## Data shown
========
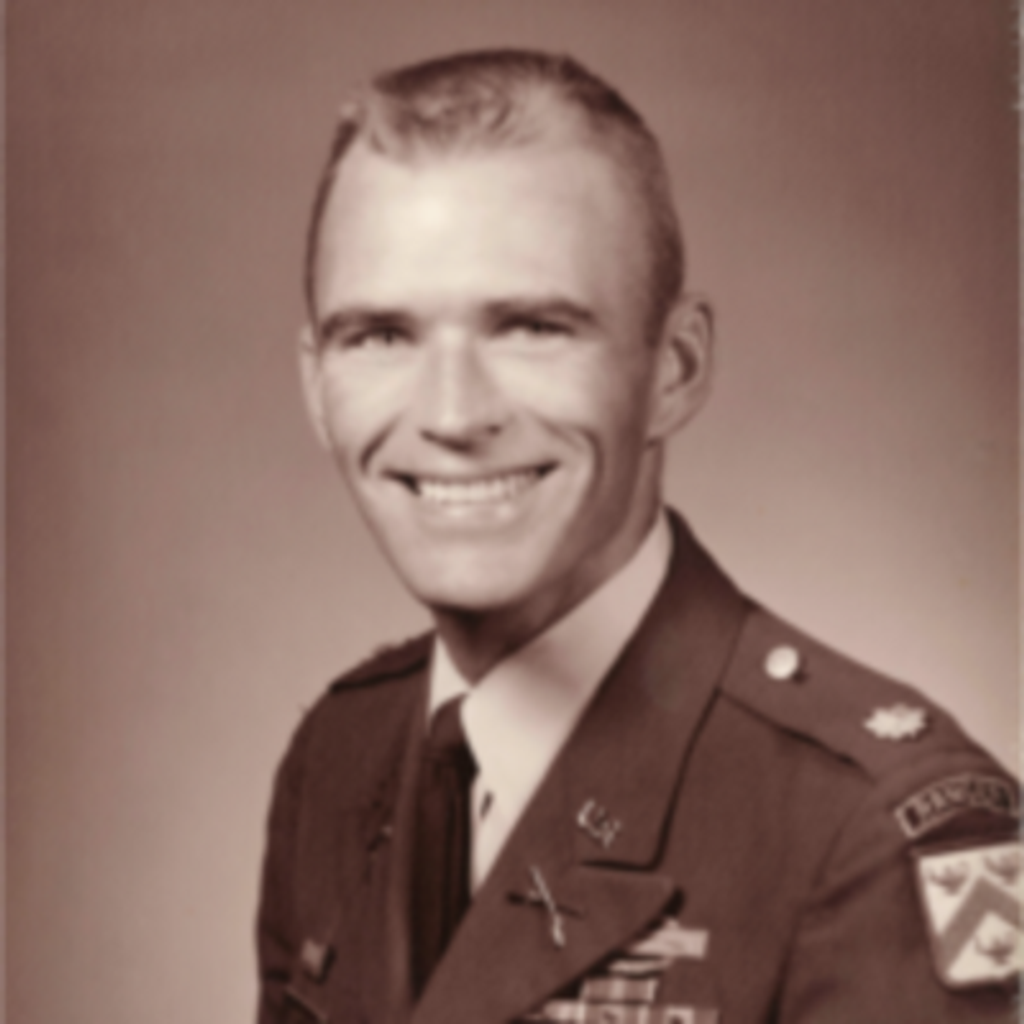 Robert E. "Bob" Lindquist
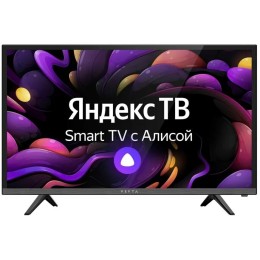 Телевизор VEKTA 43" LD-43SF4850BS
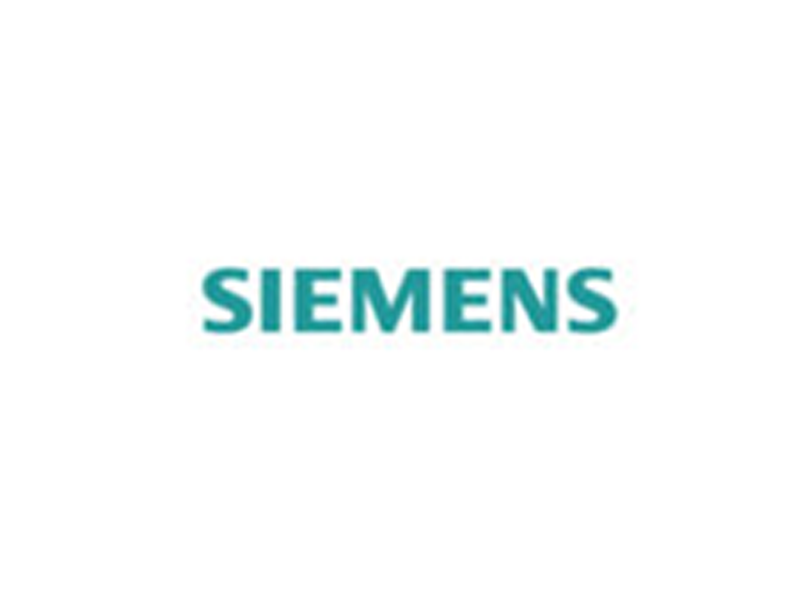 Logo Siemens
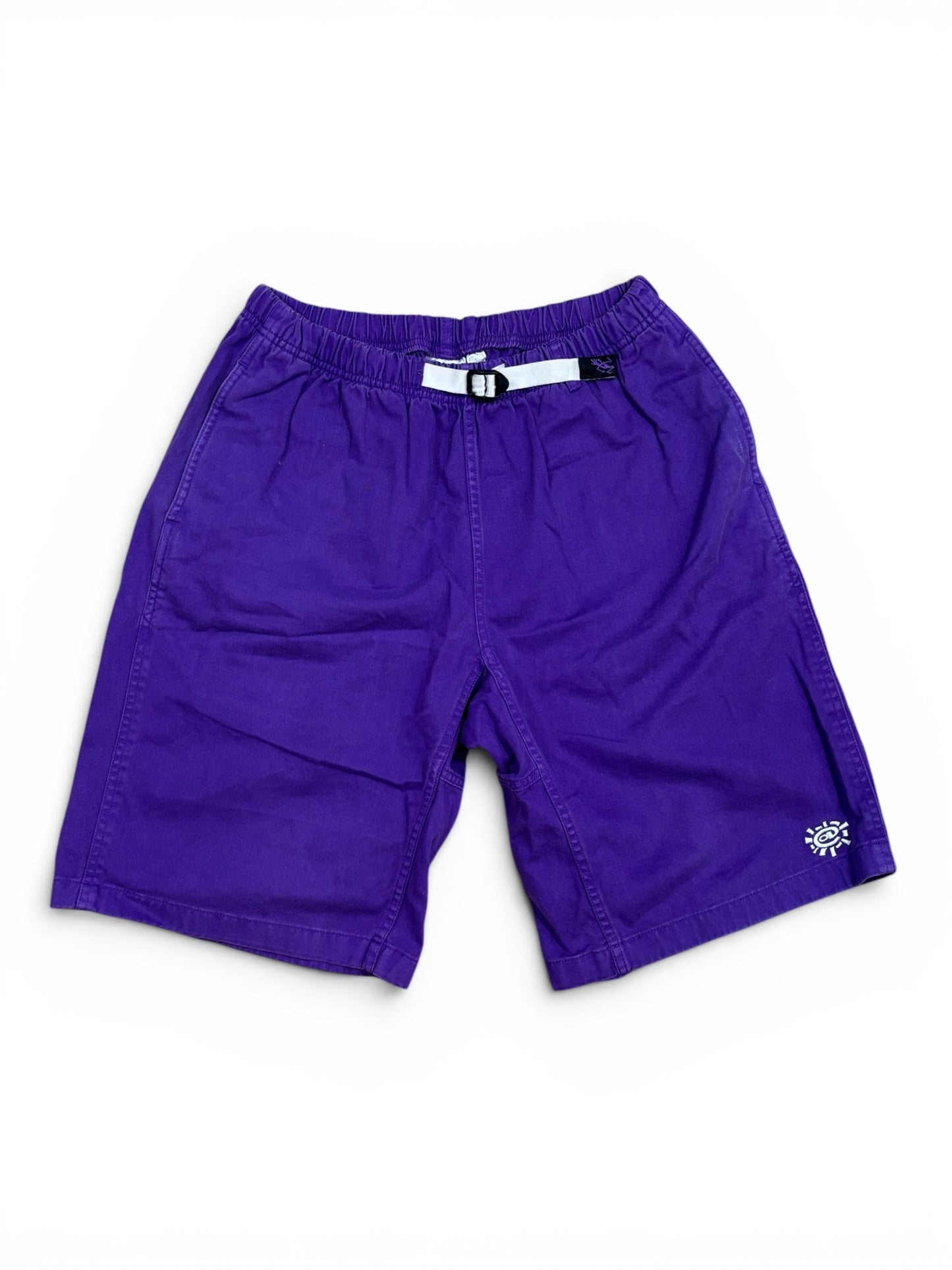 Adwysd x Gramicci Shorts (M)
========
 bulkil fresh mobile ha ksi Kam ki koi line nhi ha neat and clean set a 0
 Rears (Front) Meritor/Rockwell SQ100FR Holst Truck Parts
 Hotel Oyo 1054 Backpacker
========
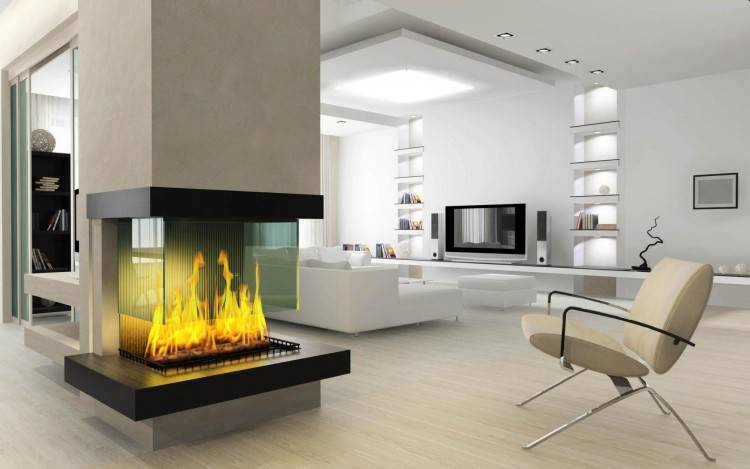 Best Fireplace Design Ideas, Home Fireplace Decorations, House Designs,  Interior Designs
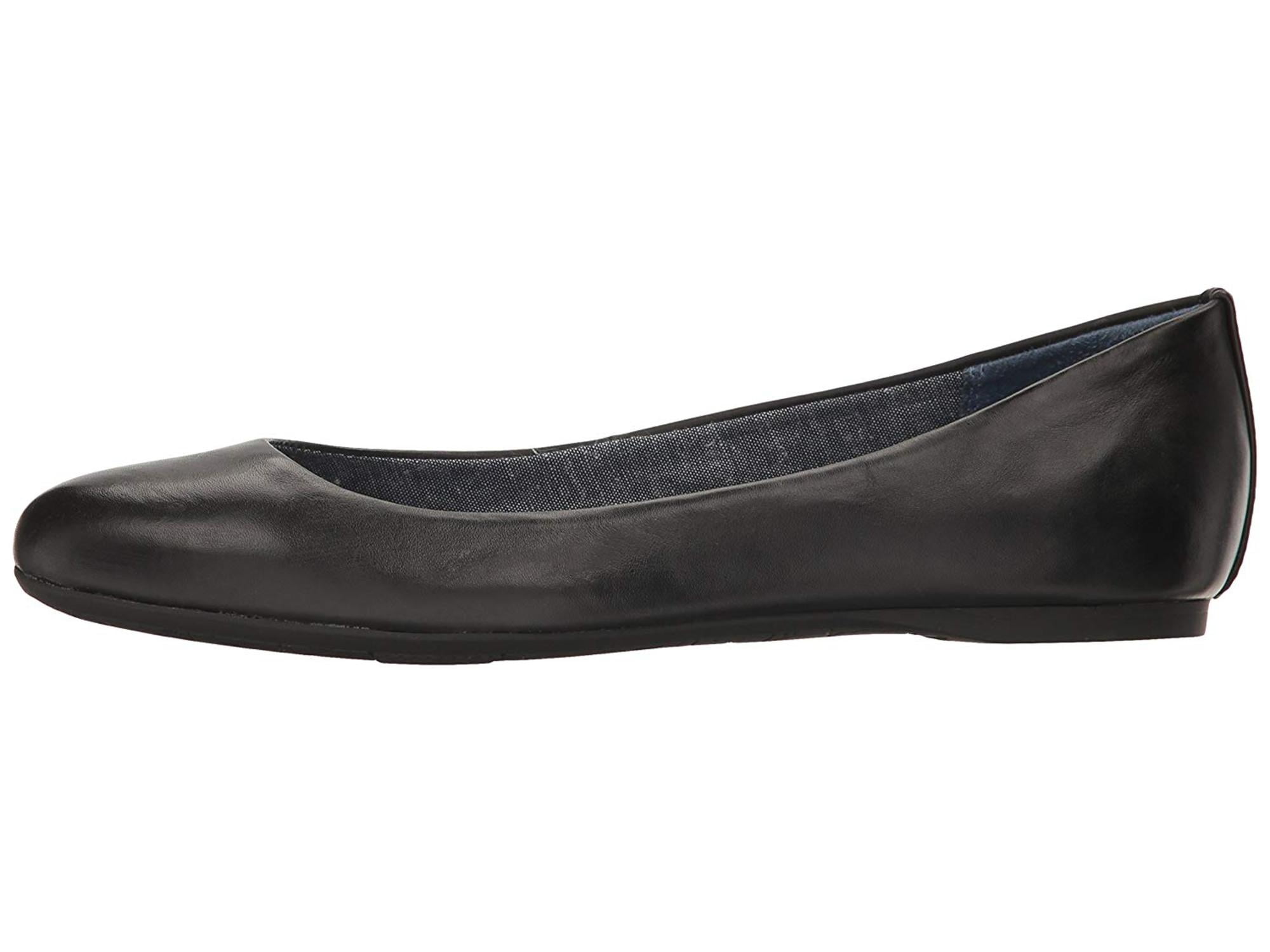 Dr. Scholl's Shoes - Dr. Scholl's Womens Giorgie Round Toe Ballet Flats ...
========
## What you are asked to do
Look above for the line that contains "bulkil fresh mobile". Starting there, transcribe every line exactly until you have copied the line that contains "Hotel Oyo 1054 Backpacker".

## Solution for this task
 bulkil fresh mobile ha ksi Kam ki koi line nhi ha neat and clean set a 0
 Rears (Front) Meritor/Rockwell SQ100FR Holst Truck Parts
 Hotel Oyo 1054 Backpacker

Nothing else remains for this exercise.